# Scanner en wifi depuis Brother DCP 750CW avec le bouton scan



## le20sur20 (21 Mars 2013)

Bonjour, sur mon imprimante Brother DCP 750 CW , j'ai un bouton "scan". Comme mon ordi est à l'autre bout de la maison, vous imaginer scanner 30 pages? 
Ce bouton scan me sauverait donc de nombreux allers retours. L'ennui est que quand je l'active, il semble reperer mon mac, en affichant son nom, je valide, puis sur l'ecran s'affiche "connexion pc"  assez longtemps, puis ça revient à l'écran sommaire.
Si je rappuie sur "scan"  il y a alors marqué "verif connexion".   Pourtant, juste après j'ai imprimé via wifi une image depuis mon ordi, la connexion est bien établie (et de toute façon la scanner repere bien mon ordi, puisqu'il affiche son nom).

Comme mon problème est très spécifique à cette imprimante, j'imagine que vous ne serez pas forcement en mesure de pouvoir me venir en aide, cependant pourrez-vous peut etre me conseiller sur les forums spécialisés où je pourrais trouver de l'aide, ou sites specialisés, ou coordonnées d'aide telephonique brother ou que sais-je.  Merci par avance en tout cas.


----------



## le20sur20 (22 Mars 2013)

des idées?


----------



## gmaa (22 Mars 2013)

Bonjour,
Est-ce qu'en rapprochant l'imprimante (disons à côté) ça marche?
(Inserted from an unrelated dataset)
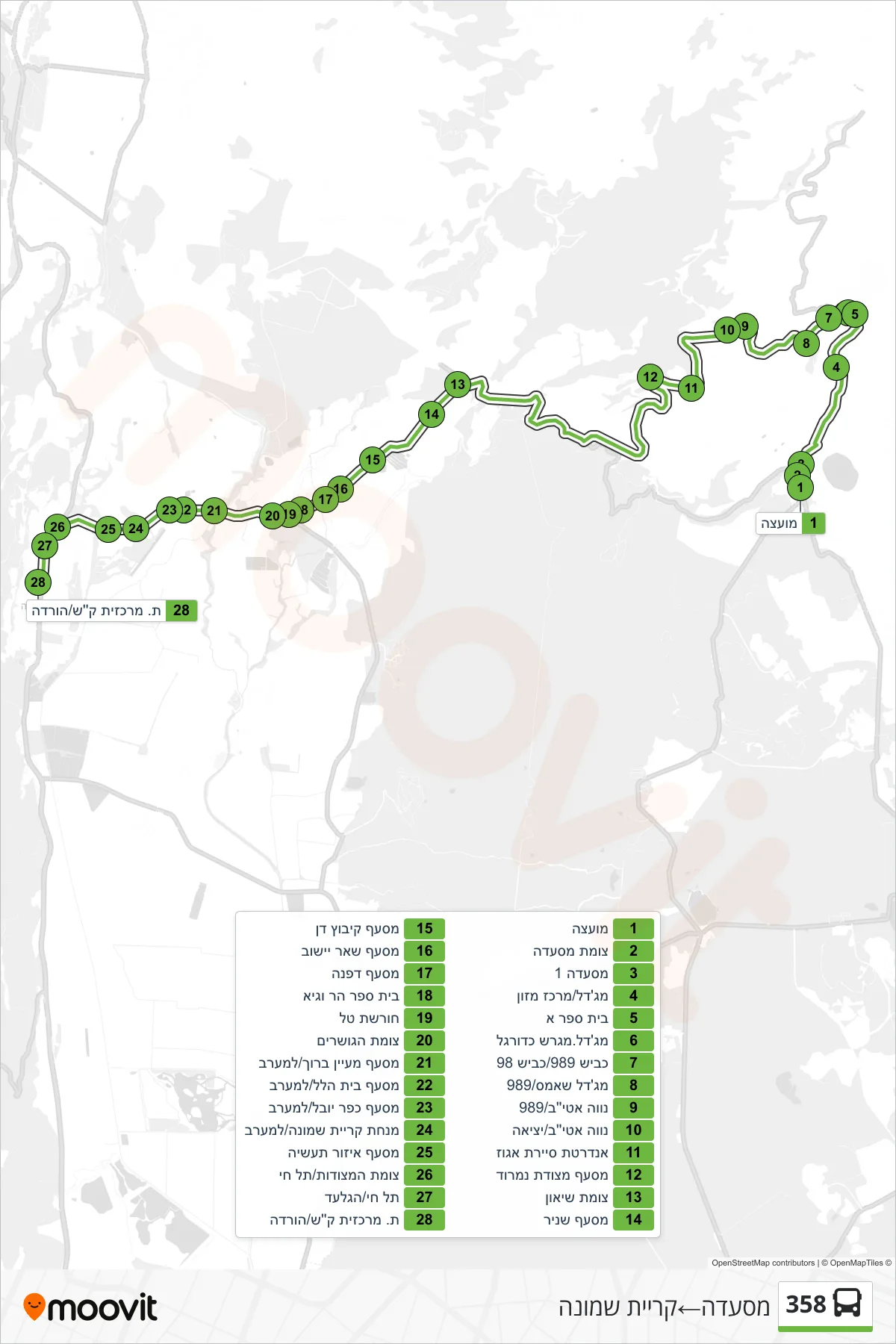 358 bus Line (Mas'ade→Kiryat Shmona) route and stops on a map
L'autre bout de la maison... cela fait loin?
Le wifi n'est pas un "passe-muraille" absolu.
Les ondes c'est parfois "vicieux"!


----------



## edd72 (23 Mars 2013)

En même temps, l'imprimante communique avec l'ordi via le routeur.

Un parefeu/sécurité quelconque ne bloquerait-il pas les tentatives de ta Brother de lancer l'application de scan qui va bien sur ton ordi?

(Le principe est bien celui-ci: l'imprimante multi-fonction réseau lance le logiciel/driver sur ton ordi pour effectuer l'acquisition à distance).


----------



## le20sur20 (23 Mars 2013)

gmaa a dit:


> Bonjour,
> Est-ce qu'en rapprochant l'imprimante (disons à côté) ça marche?
> 
> L'autre bout de la maison... cela fait loin?
> ...



Non puisqu'en impression ça marche parfaitement. Et il n'y a pas de murs qui les séparent.

---------- Nouveau message ajouté à 14h03 ---------- Le message précédent a été envoyé à 13h57 ----------




edd72 a dit:


> En même temps, l'imprimante communique avec l'ordi via le routeur.
> 
> Un parefeu/sécurité quelconque ne bloquerait-il pas les tentatives de ta Brother de lancer l'application de scan qui va bien sur ton ordi?
> 
> (Le principe est bien celui-ci: l'imprimante multi-fonction réseau lance le logiciel/driver sur ton ordi pour effectuer l'acquisition à distance).



En impression je n'ai aucun soucis. J'ai du mal à croire que ça puisse bloquer pour une des fonctions et pas pour une autre. 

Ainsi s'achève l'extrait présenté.